REQUIRED ACTION: When you repeat the listing below, keep every word exactly and leave out each picture.

Segment Open

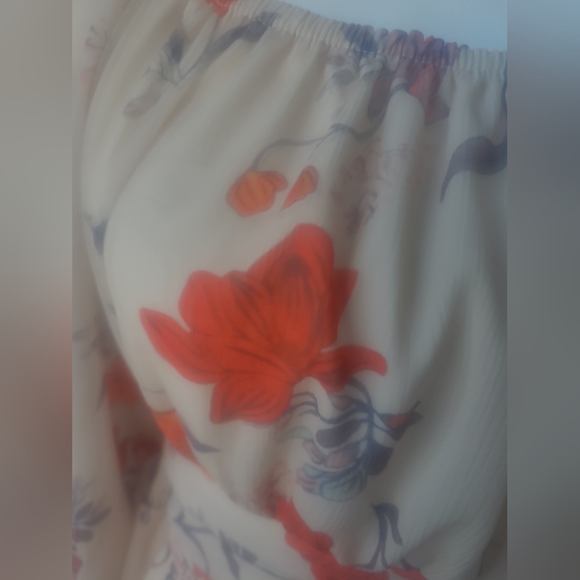 Floral Off-Shoulder Dress Exlura - Picture 3 of 10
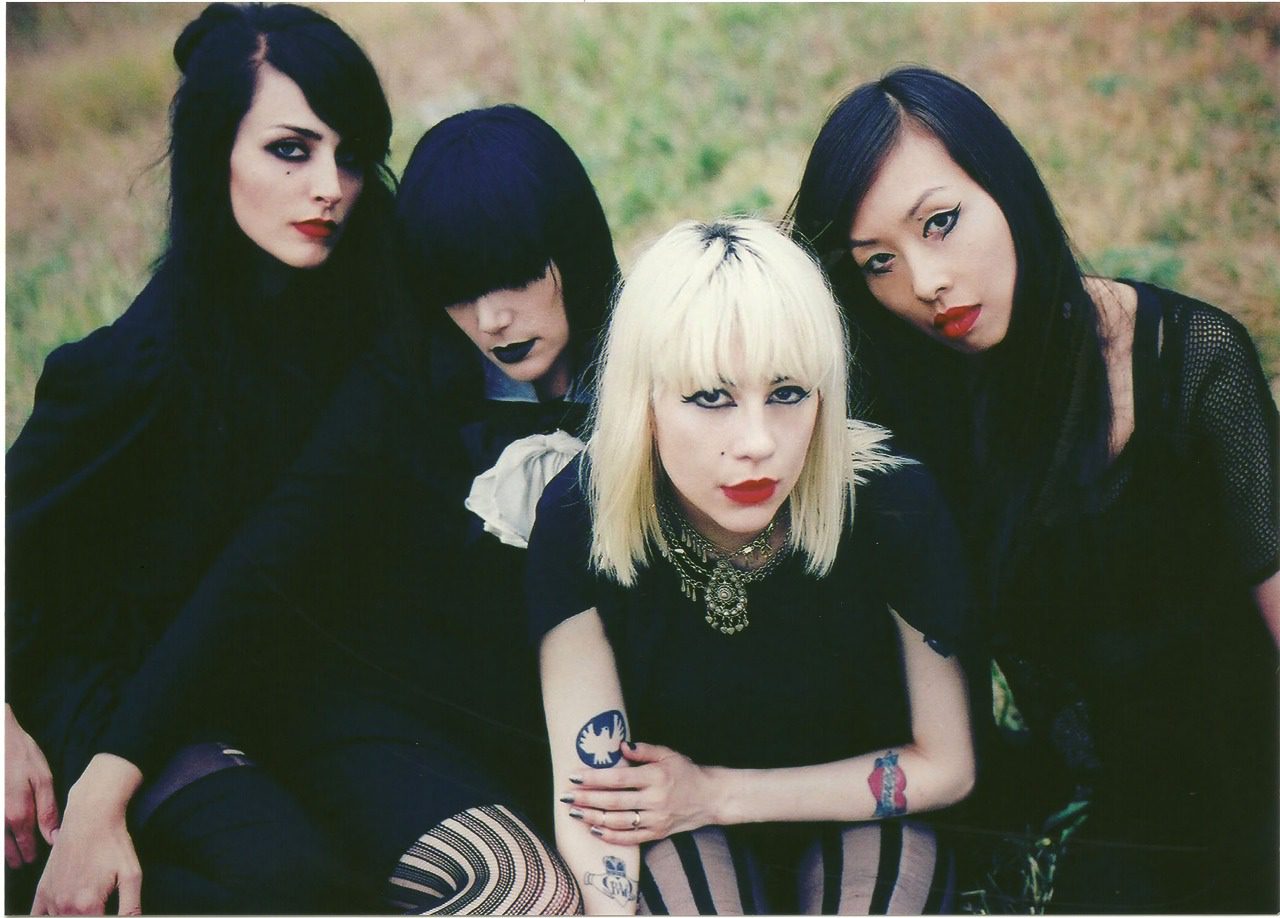 Dum Dum Girls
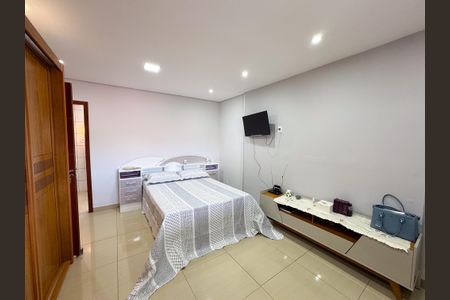 Casa à venda com 250m², 3 quartos e 3 vagasQuarto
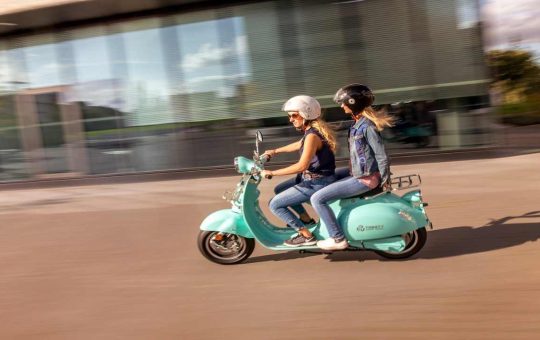 Giovani in scooter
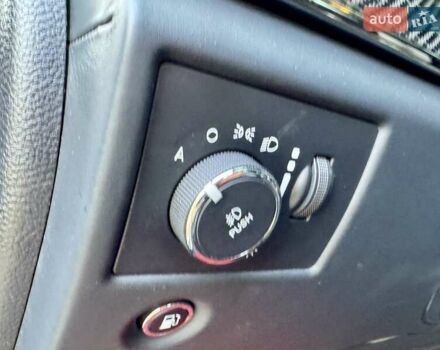 Чорний Джип Grand Cherokee, об'ємом двигуна 6.4 л та пробігом 131 тис. км за 34999 $, фото 28 на Automoto.ua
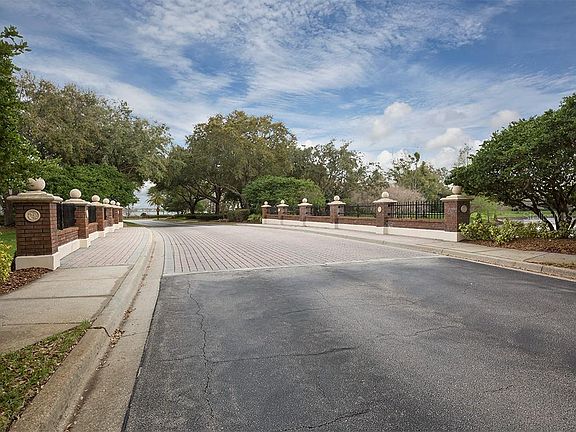 3rd image of 8808 Southern Breeze Dr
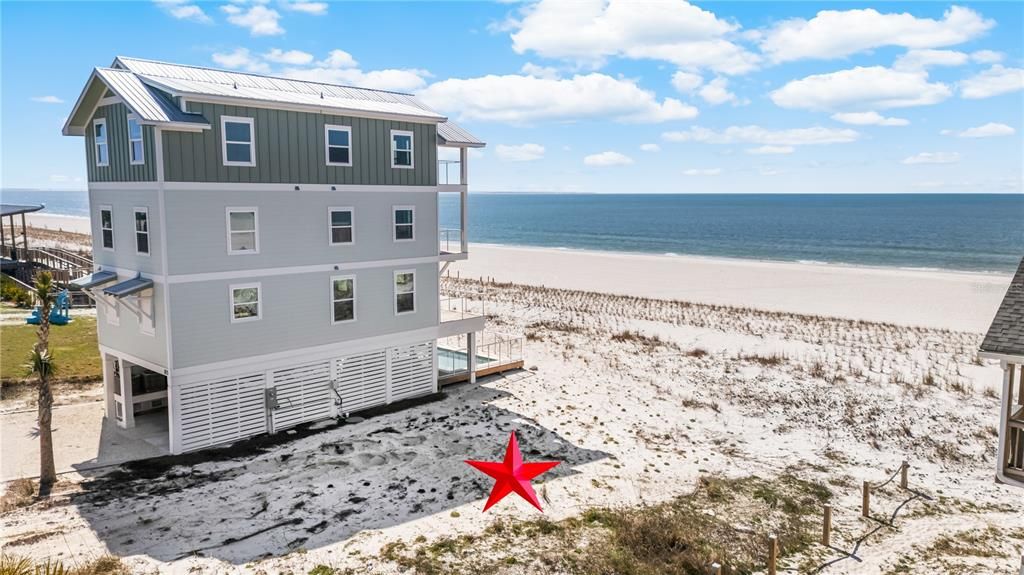 En Venta: $960,000 (0.16 acres)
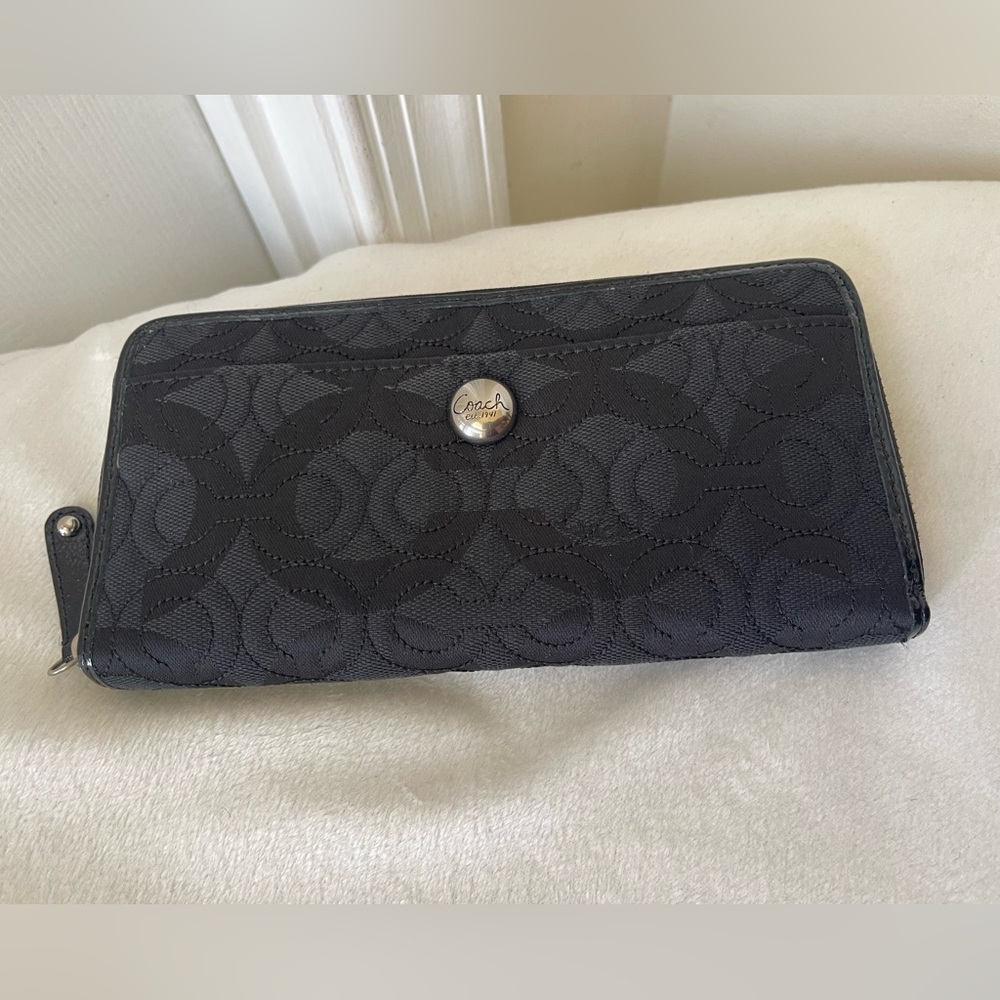 Coach Gramercy Signature Stitch Long Wallet EUC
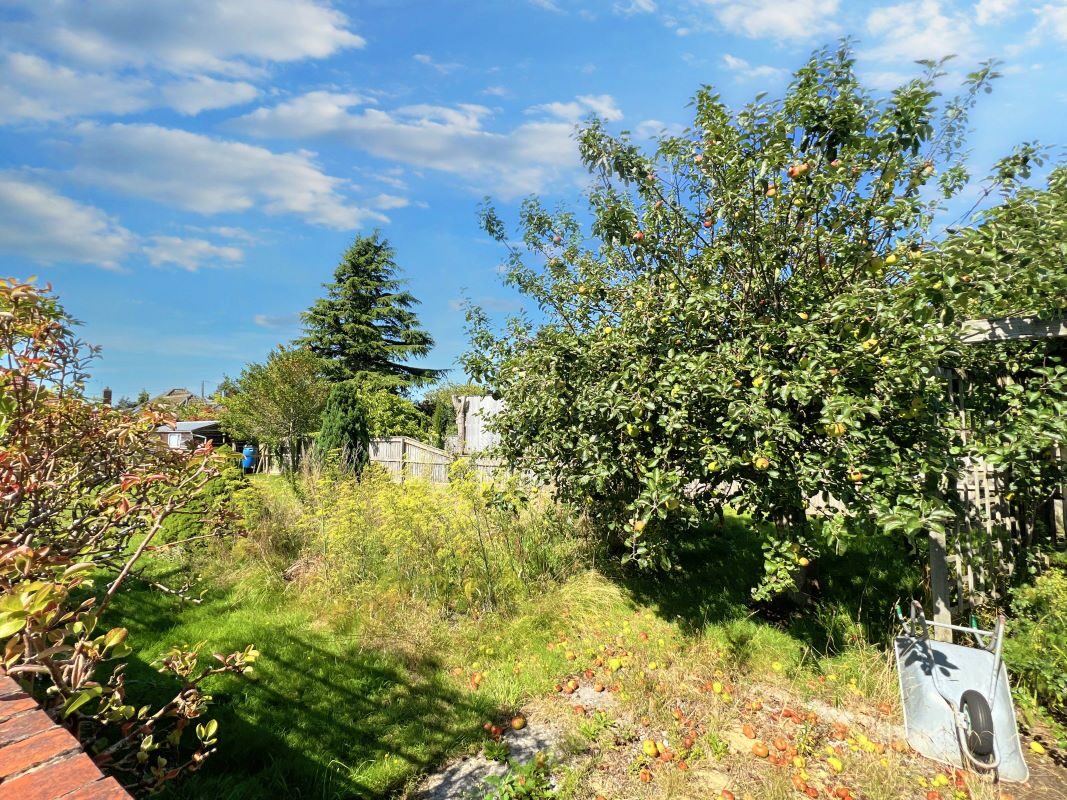 Land to the rear of 70 Bell Lane, Kesgrave, Ipswich, Suffolk, IP5 1JJ lot image - 14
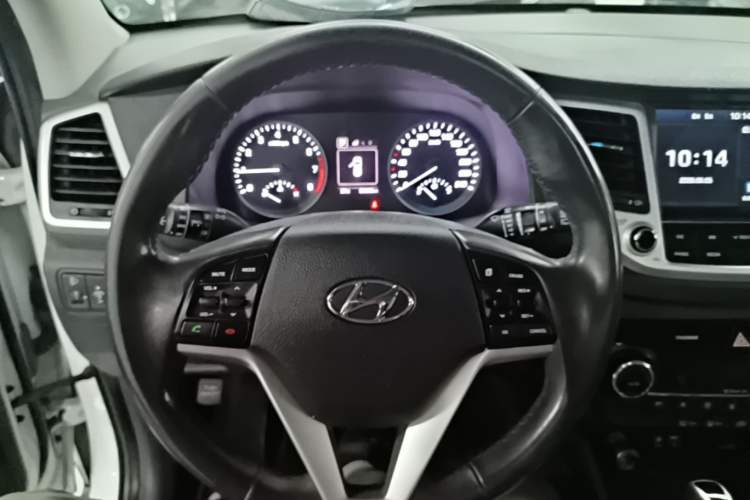 Used Hyundai Tucson 2018 1.6T Dual-Clutch Two-Wheel Drive 15th Anniversary Special Edition Steering Wheel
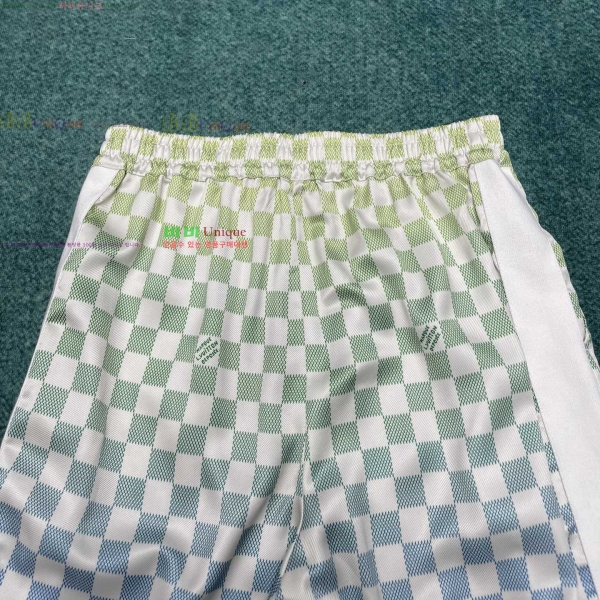  ̺   20L2542233-1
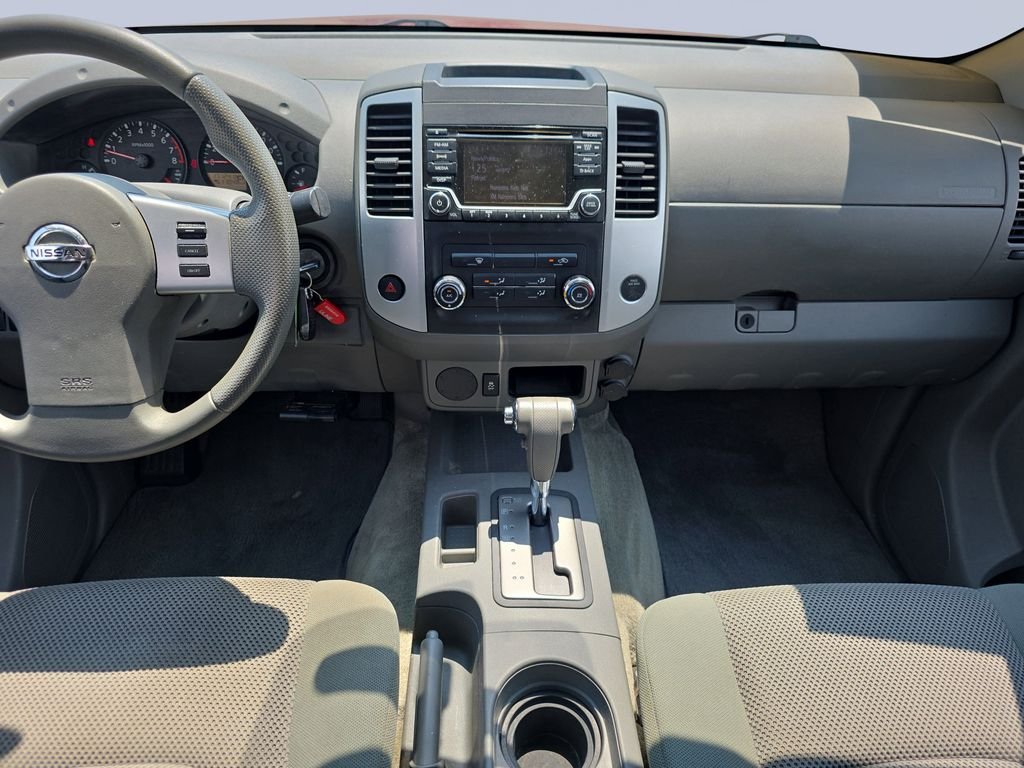 2016 Nissan Frontier SV - Photo 14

Segment Closed

TASK OUTPUT:
 Floral Off-Shoulder Dress Exlura - Picture 3 of 10
 Dum Dum Girls
 Casa à venda com 250m², 3 quartos e 3 vagasQuarto
 Giovani in scooter
 Чорний Джип Grand Cherokee, об'ємом двигуна 6.4 л та пробігом 131 тис. км за 34999 $, фото 28 на Automoto.ua
 3rd image of 8808 Southern Breeze Dr
 En Venta: $960,000 (0.16 acres)
 Coach Gramercy Signature Stitch Long Wallet EUC
 Land to the rear of 70 Bell Lane, Kesgrave, Ipswich, Suffolk, IP5 1JJ lot image - 14
 Used Hyundai Tucson 2018 1.6T Dual-Clutch Two-Wheel Drive 15th Anniversary Special Edition Steering Wheel
  ̺   20L2542233-1
 2016 Nissan Frontier SV - Photo 14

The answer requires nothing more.